I’d like to point to two articles that have been trending on Facebook in recent weeks to point to a common thread I’ve seen in conversations about ‘mental illness.’ I’m using scare quotes here because the phrase ‘mental illness’ is itself problematic, for it implies that any deviation from statistically normal human cognition (called neurotypicality) is a disease, a problem for society, and something that can (and should) be fixed. Furthermore, the monolith of ‘mental illness’ stands in for arguments about other issues: priorities in higher education, freedom of speech, gun control, racism. ‘Mental illness’ is invoked to distract from other issues, and in the process actual cognitive disability is ignored.
First, conversations about mass shootings often make this rhetorical move:
In this Salon.com article (or perhaps rant), Arthur Chu takes recent media coverage of the Charleston, South Carolina shooting to task for characterizing the suspect Dylann Roof as ‘mentally ill’ rather than as motivated by racism. I’m not convinced that mass shooters are never or rarely mentally ill. See Adam Lankford’s research on the topic. What I find compelling about Chu’s essay is the following:
“What’s also interesting is the way “The real issue is mental illness” is deployed against mass murderers the way it’s deployed in general — as a way to discredit their own words. When you call someone “mentally ill” in this culture it’s a way to admonish people not to listen to them, to ignore anything they say about their own actions and motivations, to give yourself the authority to say you know them better than they know themselves.”

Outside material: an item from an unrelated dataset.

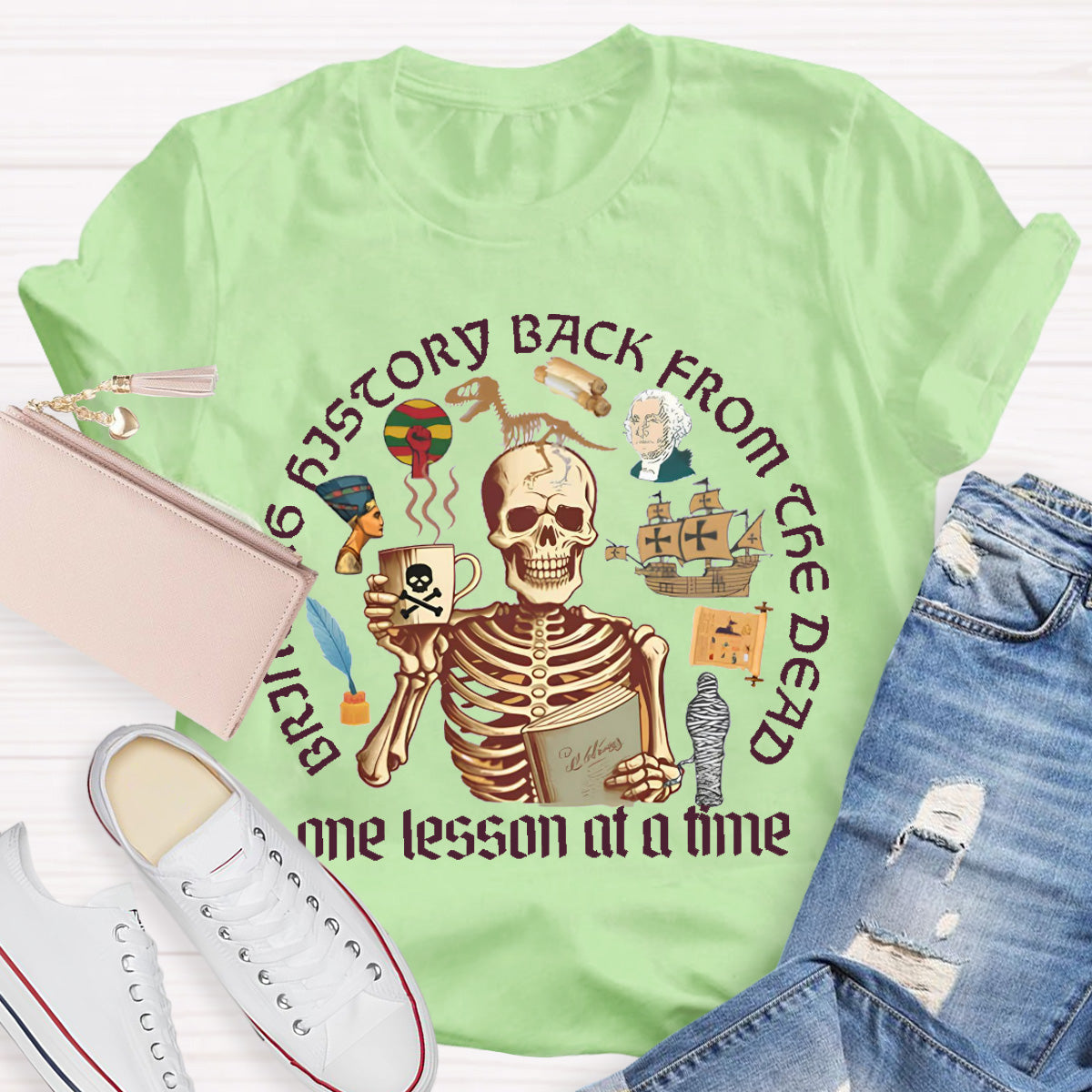 Skeleton Bringing History Back From The Dead History Teacher T-Shirt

Cognitive disability is probably a contributing factor for such shootings, but that doesn’t make it the only or the primary factor. In addition, any relationship between cognitive disability and violence should lead us to care more for such issues, not to stigmatize the cognitively disabled. The stigma against ‘mental illness’ causes more harm than the illnesses themselves, and that stigma is being used to distract from pressing issues about racism and gun control.
Conversations about trigger warnings in higher education often employ this same rhetorical strategy:
Ovid’s Metamorphoses Now Deemed Too “Triggering” for Students at Columbia
To quote from the student complaint referenced in this post:
“During the week spent on Ovid’s “Metamorphoses,” the class was instructed to read the myths of Persephone and Daphne, both of which include vivid depictions of rape and sexual assault. As a survivor of sexual assault, the student described being triggered while reading such detailed accounts of rape throughout the work. However, the student said her professor focused on the beauty of the language and the splendor of the imagery when lecturing on the text. As a result, the student completely disengaged from the class discussion as a means of self-preservation. She did not feel safe in the class. When she approached her professor after class, the student said she was essentially dismissed, and her concerns were ignored.”
Assuming this student account is a complete retelling of the experience–which is a big assumption, I know–I think the professor made two key missteps: 1) underplaying the real trauma of rape in the text; and 2) dismissing a student’s concerns.
In my view, trigger warnings are an issue of disability; they’re words, topic, images that, due to a person’s pre-existing experiences, trauma, or mental health cause them to react to the world differently from other human beings. To be blunt, telling a person to ‘not be triggered’ is the equivalent of telling someone with social anxiety to ‘not worry,’ or encouraging a person in a wheelchair to suck it up and take the stairs anyway.
‘Safety’ in the classroom shouldn’t mean class discussions without mention of rape, violence, racism, etc. It should mean that accommodations are made for disability when it’s a legitimate concern. To continue the wheelchair metaphor, don’t demolish every multi-level building on campus, but please do build the ramps and elevators some people need.
However, many conversations about trigger warnings, as with many conversations about mass shootings, don’t seem to be about cognitive disability at all. Trigger warnings, which should be a therapeutic tool, have instead become the motto of a safe, unchallenging classroom that does not present students with challenging texts and situations. Such a classroom is the justified fear of faculty members that see how college has been turned into a commodity and students are now customers. Customers with potentially career-ending complaints. But such a fear has little to nothing to do with the actual purpose of trigger warnings: to help accommodate the cognitively disabled, those scarred by trauma or some misfortune of brain chemistry.
Real conversations about cognitive disability can and should be happening, but while the stigma of ‘mental illness’ is coopted by other discourses as a rhetorical tool those conversations are shackled.